O pastor Vaniel da Costa da Silva apoiava a ideia. "A questão de nós discutirmos a ideologia de gênero, ou a questão sexual, parte do pai e da mãe. Não da escola", dizia, referindo-se ao uso compartilhado de banheiro por crianças na Escola Municipal de Educação Infantil Deborah Sayão, onde alunos de ambos os sexos usam o mesmo local.

De acordo com a escola, ao usar o banheiro de forma compartilhada, as crianças aprendem a respeitar, cuidar do corpo e não espiar um ao outro.

Mas ao mesmo tempo em que o projeto recebeu apoio de determinados setores, também foi criticado por professores e pesquisadores, como é o caso de Paula Ribeiro, do Grupo de Pesquisa Sexualidade e Escola da FURG.

"Nós estamos entendendo que nós temos que defender a pluralidade de famílias, o respeito e o preconceito que estamos combatendo. Então, o projeto 'Escolas Promotoras de Igualdade de Gênero' vem para as escolas para promover a equidade de gênero", afirma a professora.

O pró-reitor de extensão e cultura da FURG, Daniel Prado, diz que são trabalhados na universidades apenas projetos que promovam a luta contra a violência. "Nós ficamos extremamente surpresos, enquanto gestão da universidade, a esse retrocesso que significa esse projeto de lei", afirmou.

Grupos contrários e favoráveis à proposta foram à casa legislativa (Foto: Reprodução/RBS TV)

Durante toda a tarde, os manifestantes acompanharam a tramitação do projeto, que acabou sendo encaminhado para a assessoria jurídica da Casa para avaliação sobre a constitucionalidade da matéria.

Logo em seguida, outros dois vereadores apresentaram propostas igualmente polêmicas.

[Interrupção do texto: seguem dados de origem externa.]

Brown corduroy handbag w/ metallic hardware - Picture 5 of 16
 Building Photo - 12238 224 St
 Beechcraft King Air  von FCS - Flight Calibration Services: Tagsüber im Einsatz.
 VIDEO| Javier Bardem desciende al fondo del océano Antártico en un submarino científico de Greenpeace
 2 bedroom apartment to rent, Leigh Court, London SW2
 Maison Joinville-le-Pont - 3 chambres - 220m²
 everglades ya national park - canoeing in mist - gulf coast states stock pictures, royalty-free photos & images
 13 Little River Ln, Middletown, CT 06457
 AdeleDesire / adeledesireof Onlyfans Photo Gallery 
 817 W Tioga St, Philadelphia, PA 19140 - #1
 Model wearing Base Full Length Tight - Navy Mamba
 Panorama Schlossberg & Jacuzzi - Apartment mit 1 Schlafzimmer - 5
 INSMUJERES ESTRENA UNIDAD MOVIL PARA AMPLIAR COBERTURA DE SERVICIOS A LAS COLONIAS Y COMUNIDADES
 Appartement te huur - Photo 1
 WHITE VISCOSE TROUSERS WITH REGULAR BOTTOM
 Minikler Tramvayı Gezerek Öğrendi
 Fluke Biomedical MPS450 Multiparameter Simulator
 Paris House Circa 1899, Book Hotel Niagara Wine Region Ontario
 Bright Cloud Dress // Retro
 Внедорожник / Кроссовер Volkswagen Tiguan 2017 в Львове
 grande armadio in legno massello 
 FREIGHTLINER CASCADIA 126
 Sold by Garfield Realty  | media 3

Um deles é o projeto do vereador Jarir Rizzo (PSB), que proíbe a divulgação ou acesso de alunos a conteúdos que contenham imagens eróticas, de órgãos genitais e de relação sexual.

O outro é o vereador André Moraes de Sá (PSD), conhecido como Batatinha, que institui o dia do orgulho hétero em Rio Grande.

Assim como o projeto 136, ambas as propostas geraram muita discussão. "Acredito na base familiar. Acredito que a família existe hoje graças ao hétero. Às vezes a gente acaba ficando discriminado também", dizia Batatinha ao defender seu projeto.